‘The Babadook’ is one of the most assured, masterfully directed feature debuts ever made. Jennifer Kent seemed to have been born to direct, she just didn’t realize that was a career path.

“As soon as I could read and write, I was reading and writing plays and acting in them and directing them, but I just didn’t know as a little girl that girls could direct films,” said Kent when she was a guest on IndieWire’s Toolkit podcast to discuss the 10th Anniversay of ‘The Babadook,” which is being re-released in theaters this week. “I mean that never occurred to me. I just involved myself in any storytelling I could and kept writing plays.”

Kent became an actress. Attending the prestigious National Institute of Dramatic Art, she was a year behind Cate Blanchett and “Babadook” star Essie Davis, and she went on to work professionally.

“I just got bored with acting very quickly,” said Kent. “I didn’t want to spend my life doing TV commercials or bit roles on series.”

Kent would go on to write a number of unproduced screenplays, before writing “The Babadook” while in a state of grief following her father’s death. After five years of studying acting in school, she didn’t want to go back to the world of education to learn a new trade. Tracking down the email address of one of her favorite directors, Lars von Trier, she wrote asking the opportunity to observe him work so she could learn how a director works.

“I wrote to him in this sort of off-the-cuff kind of way. I said things like ‘I’d rather stick pins in my eyes than go to film school’ — I really don’t want to learn in that way — and I said that ‘I’m quite subversive by nature,’ and I’ve just been incredibly moved by his films,” said Kent. “I got a message back from his assistant saying Lars just doesn’t do that. I thought, ‘Oh, well, I tried, followed my instincts. And then an hour later, I got a message back again, ‘Lars has just read your email and he wants to know what you would like to do.’”

Not fully understanding the roles on a movie set, or how it worked, Kent naively asked to be the Assistant Director. The offer came back that she could visit the set of “Dogville” for one day. It was enough for Kent to make the Sydney-to-Denmark flight. One day would turn into the whole shoot, in what turned out to be invaluable apprenticeship.

Kent is the first to acknowledge she is a very different filmmaker from von Trier. So, what did she learn from her “Dogville” apprenticeship?

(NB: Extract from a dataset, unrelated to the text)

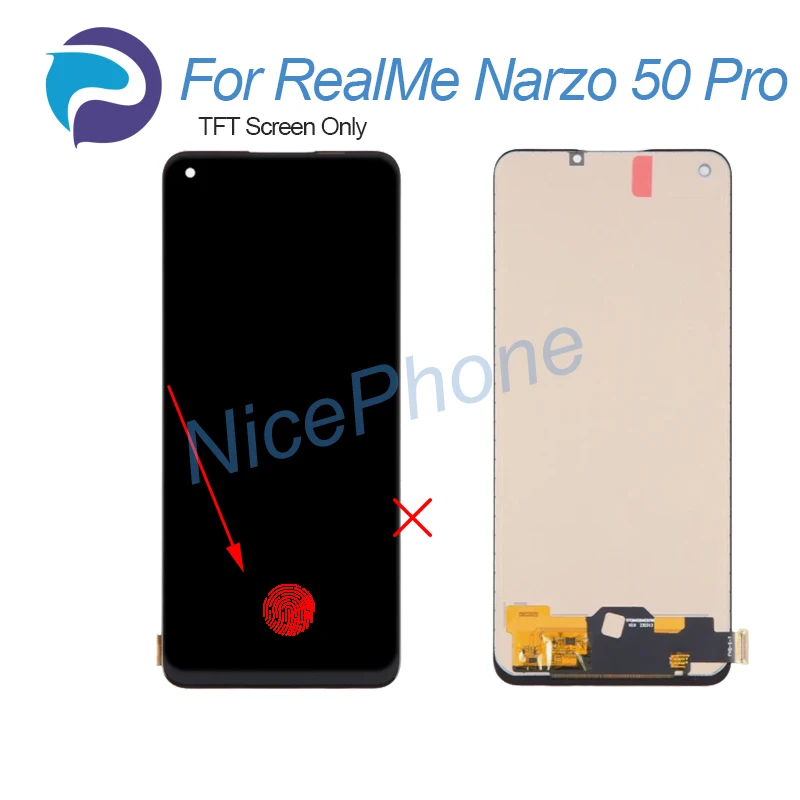 for RealMe Narzo 50 Pro LCD Screen + Touch Digitizer Display 2400*1080 RMX3395, RMX3396 Narzo 50 Pro LCD Screen Display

“What I truly admired was a singular vision, that he protected from start to finish. And surprisingly, that’s actually very rare. Even now I think it’s gotten worse, it’s harder for people to protect, but I learned, I learned that from watching him,” said Kent. “And I also learned that the whole ‘us and them’ — this idea of, ‘Oh, I’m just a lowly person trying to make films and you’re a genius’— that sort of divide evaporated. I don’t mean I started to think I was a genius, I just mean that I thought, ‘I can do this.’ It gave me the confidence to do it my way. As long as I just could protect the work, I would throw myself in.”